[Image-caption web data]
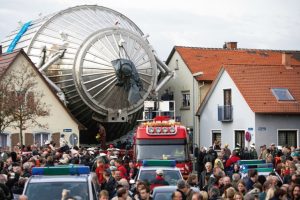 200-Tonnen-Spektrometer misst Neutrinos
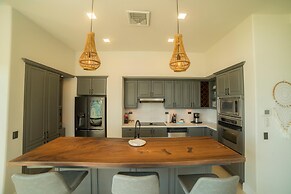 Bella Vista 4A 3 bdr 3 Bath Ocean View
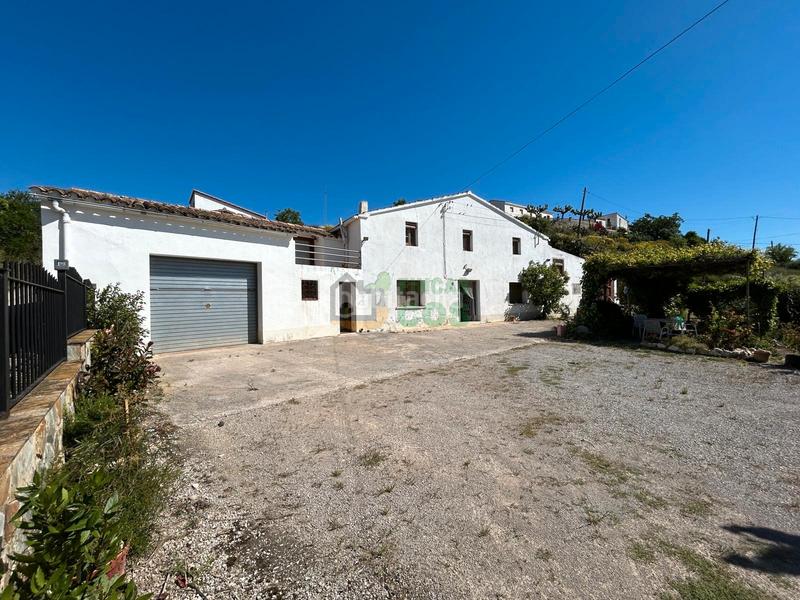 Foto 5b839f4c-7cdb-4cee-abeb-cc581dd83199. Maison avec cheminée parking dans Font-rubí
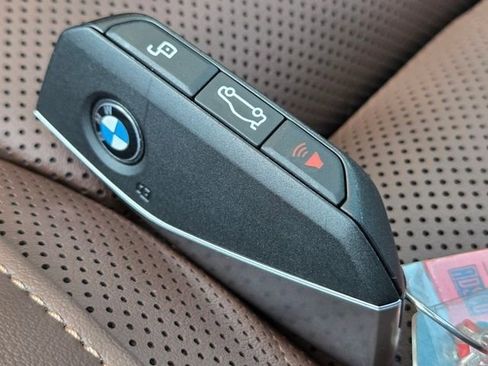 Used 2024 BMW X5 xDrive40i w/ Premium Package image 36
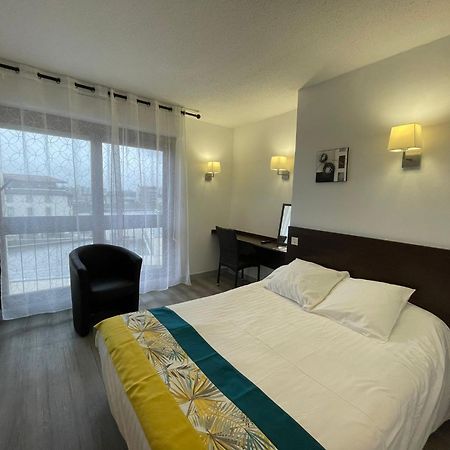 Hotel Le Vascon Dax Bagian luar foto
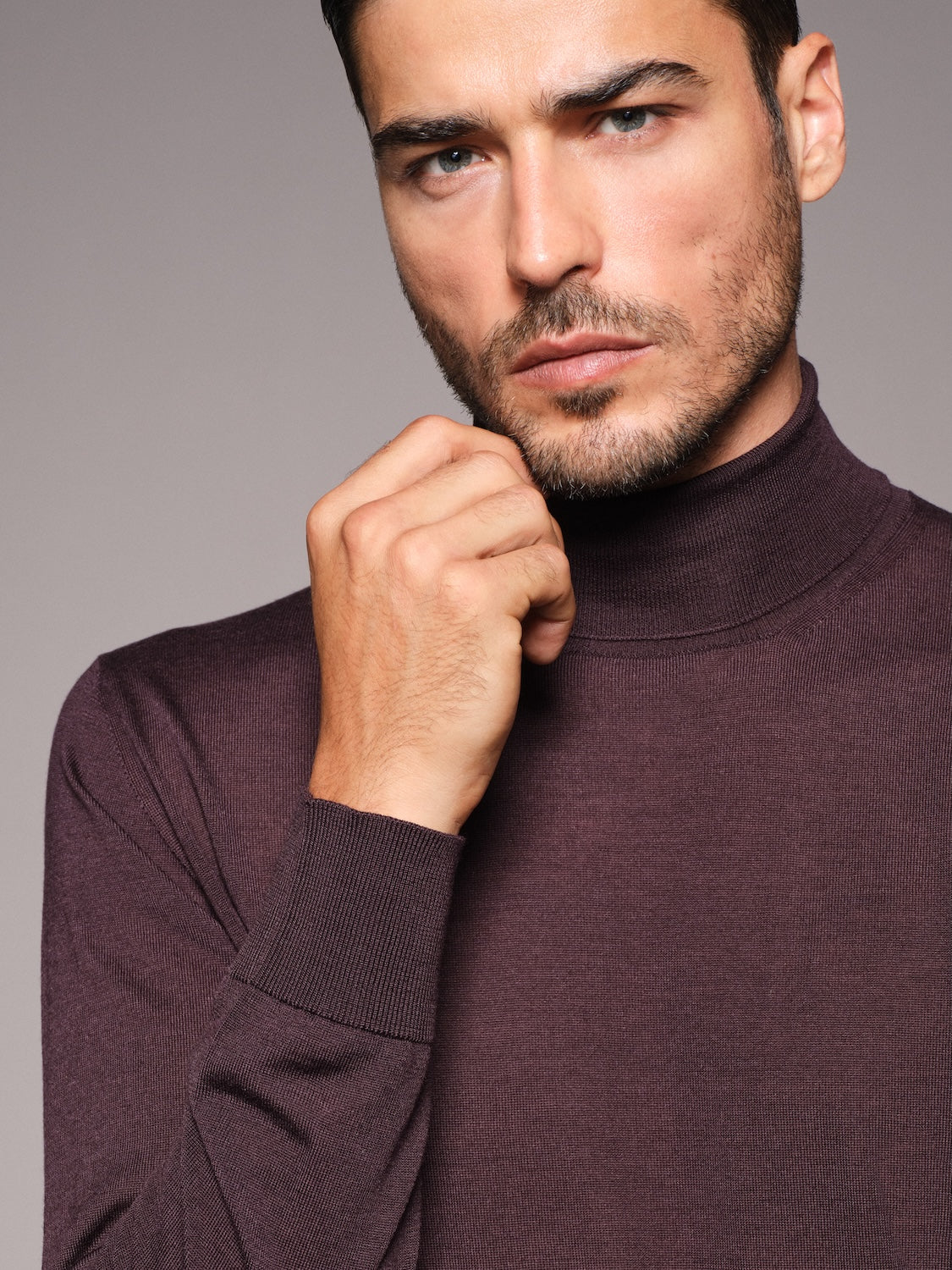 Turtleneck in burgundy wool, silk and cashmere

▶ [What you are asked to do]:
Every record must be transcribed faithfully, with no picture carried over.

▶ [Exercise response]:
 200-Tonnen-Spektrometer misst Neutrinos
 Bella Vista 4A 3 bdr 3 Bath Ocean View
 Foto 5b839f4c-7cdb-4cee-abeb-cc581dd83199. Maison avec cheminée parking dans Font-rubí
 Used 2024 BMW X5 xDrive40i w/ Premium Package image 36
 Hotel Le Vascon Dax Bagian luar foto
 Turtleneck in burgundy wool, silk and cashmere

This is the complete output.